The results followed the Consolidated Standards of Reporting Trials (CONSORT) recommendations for RCTs. The subjects were compared at the baseline on demographic and clinical characteristics, wound characteristics, protective sensation and NCS for sural, medial plantar and posterior tibial nerves, by an analysis of variance (ANOVA), Kruskal-Wallis or chi-square tests, depending on the distribution and measurement scale of each variable. The results are presented in means and standard deviations (SD), medians and interquartilic ranges (IQR) or proportions.

Analysis of covariance (ANCOVA) was used for evaluating differences by intervention group in the secondary outcomes, using the last measurement (16th week) as dependent variable and adjusting for the baseline measurement.
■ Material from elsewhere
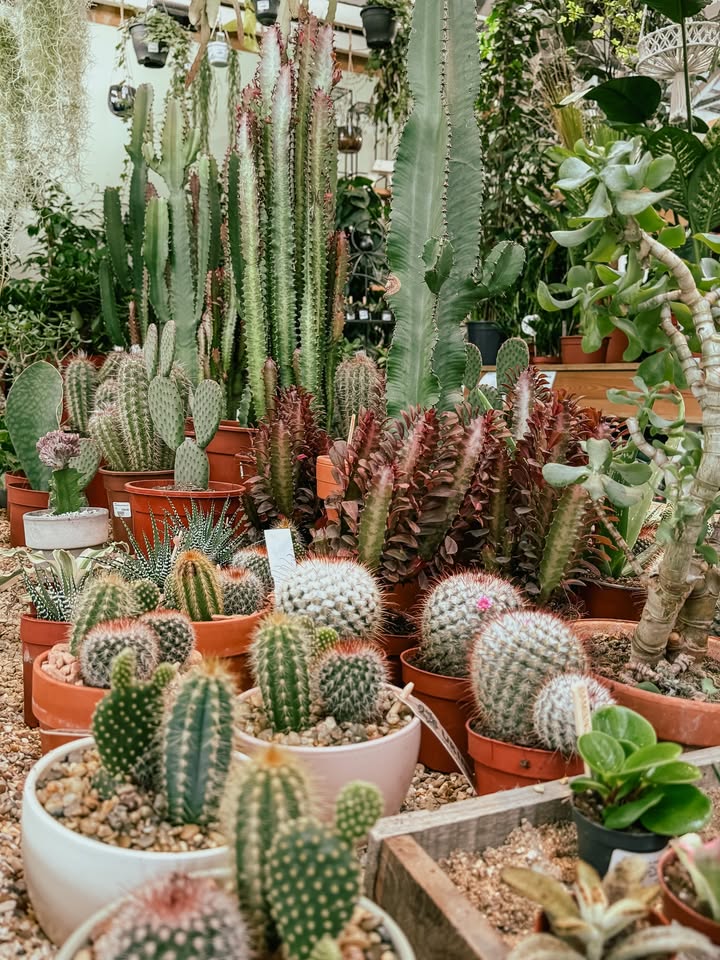 Prior Park Garden and Pet Centre, Farm Shop & Terrace Café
Prior to ANCOVA, the Shapiro- Wilk test was performed to determine the normality of the data. When the asumption of normality was not fullfilled, a robust regression analysis was applied.

The comparisons for the protective sensation abnormality and the dimensions of quality of life, between the baseline and the last measurement (16th week) for each intervention group, were evaluated using a McNemar χ2 test and the sign test respectively. Healing at the 16th week, between the three intervention groups, was evaluated using a Fisher's exact test. STATA version 9,0 software was used for the analysis and P≤ 0,05 was considered significant.


The CONSORT statement's instructions and lists of controls were followed in this randomized clinical trial. A total of 98 individuals were evaluated for participation in the study; 65 subjects did not meet the inclusion criteria and five individuals pulled out the study for reasons unrelated to the treatment. Intention to treat analysis was applied to one participant. Finally twenty-eight patients complied with the study protocol LLLT (n=9), HVPC (n=10) and CG (n=9), (Figure 1), mean age 59,3 ± 11,8 years, mean duration of diabetes 11,2 ± 10,1 years and 42,9% male. Ulcers duration 16,2 ± 34,6 months and a total of 42 ulcers distributed by intervention group 14, 15 and 13 ulcers for LLLT, HVPC and CG respectively.

Effects of low level laser therapy and high voltage stimulation on diabetic wound healing (1)

(Video) Why Inflammation is The Silent Killer and Low-Level Laser is Your Best Kept Secret Weapon Against It

Clinical baseline characteristics

There were no significant differences between intervention groups regarding baseline variables or wound characteristics (Table 1). Protective sensation in plantar nerve distribution was altered in 75% of the subjects (21/28) and 71% of them (20/28) for the sural nerve. The following records of NCS were absent: 1 for posterior tibial, 8 for sural nerve and 13 for plantar nerve; the NCV values were abnormal for the same nerves in 19, 6 and 4 subjects, respectively (Table 2).

Effects of low level laser therapy and high voltage stimulation on diabetic wound healing (2)

Effects of low level laser therapy and high voltage stimulation on diabetic wound healing (3)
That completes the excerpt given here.